Members of the Greater Washington for Peter Liang Coordination Group observes a moment of silence for Akai Gurley on Wednesday afternoon in a press conference to announce a Saturday morning rally in front of the Washington Monument. Gurley was killed in 2014 when NYPD officer Liang discharged his weapon in a stairwell. CHEN WEIHUA / CHINA DAILY
Liang, a 28-year-old rookie NYPD officer, was found guilty on Feb 11 by a Brooklyn jury of second-degree manslaughter and official misconduct in the 2014 shooting of Akai Gurley, an unarmed black man, in a Brooking housing project.
The manslaughter charge carries up to 15 years in jail. A sentencing will be announced on April 14. Liang plans to appeal the verdict.
The conviction last week caused a great stir in the Chinese community across the US.
Shuigen Xiao, head of the Greater Washington for Peter Liang Coordination Group, a new voluntary organization, described both Gurley and Liang as victims.
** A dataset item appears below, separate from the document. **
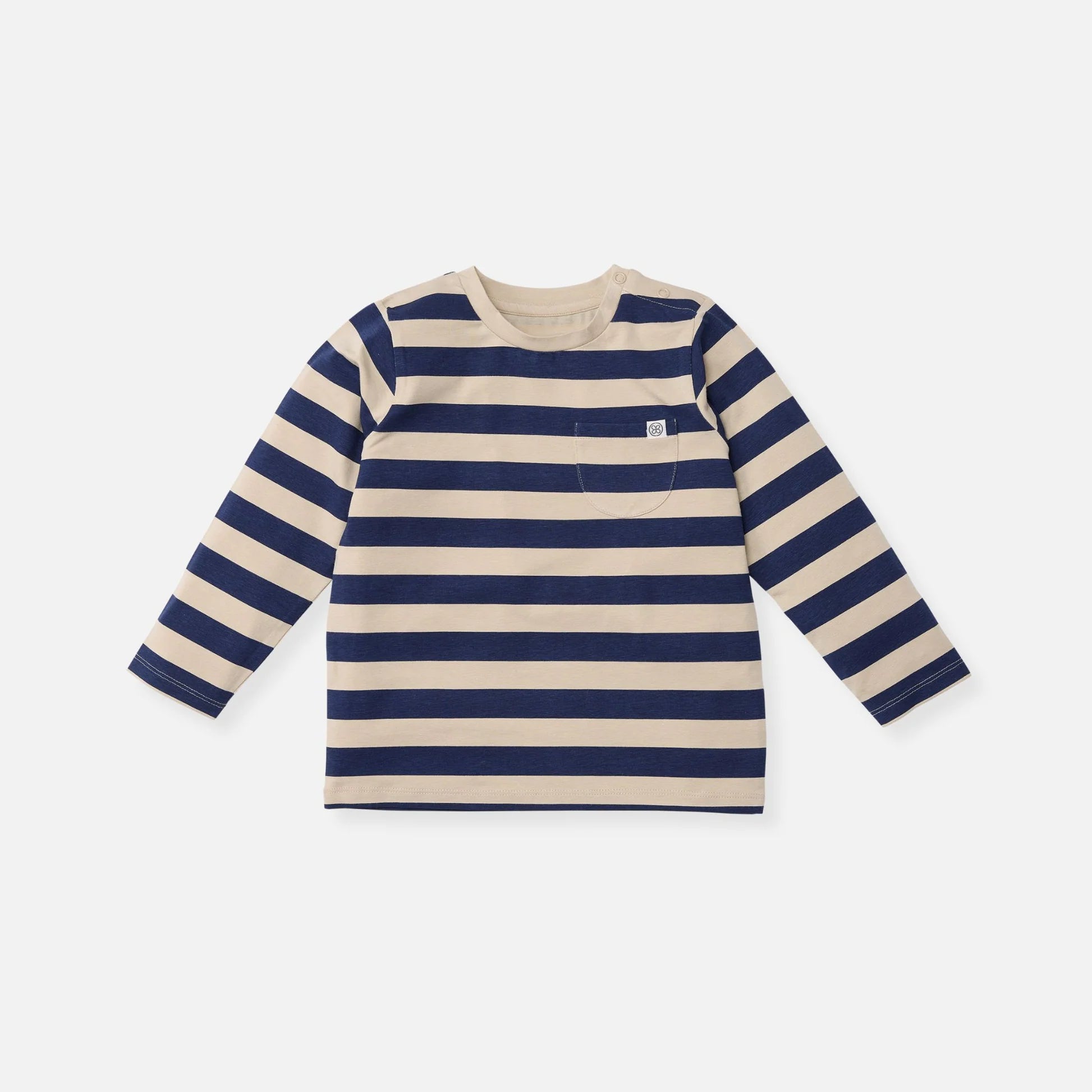 Cloby - Baby Langarmshirt UPF 50 blau beige gestreift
Xiao said he hoped the rallies in Washington and other US cities on Feb 20 would warrant a fairer treatment for Liang. "We hope public concern about the case will help ensure a just legal proceeding," he told a news conference on Wednesday in Fairfax, Virginia.
Xiao believes public donations will also help Liang in the subsequent legal processes.
Part of the money collected will be handed over to Gurley's family. The rally will also observe a moment of silence to express condolences for the young man.
Organizers of the Washington rally said they plan to reach out to the African-American community and other communities to join the rally.
Alex Zhong, a member of the coordination group, believes the rallies will have a profound significance for the Asian-American community in terms of equal treatment.
Wenming Kuai, also a member of the coordination group, said the NYPD and the city's Housing Committee should also be held responsible for the accident.
"It's unfair to let Liang take all the blame," Kuai said.
The stairwell of the Brooklyn housing project where the shooting took place was dark and a scene of previous crimes.
Vincent Wong, a member of the coordination group, expressed that some in the African-American community support the rally. Wong went to a local store to print rally posters, and a black woman staff member saw the posters and printed extra copies for him free of charge.
Organizers are not sure how many people will turn out for the rally. But they estimated it could be several thousand, perhaps as many as 10,000, on a sunny morning when the temperature is expected to be in the 60s.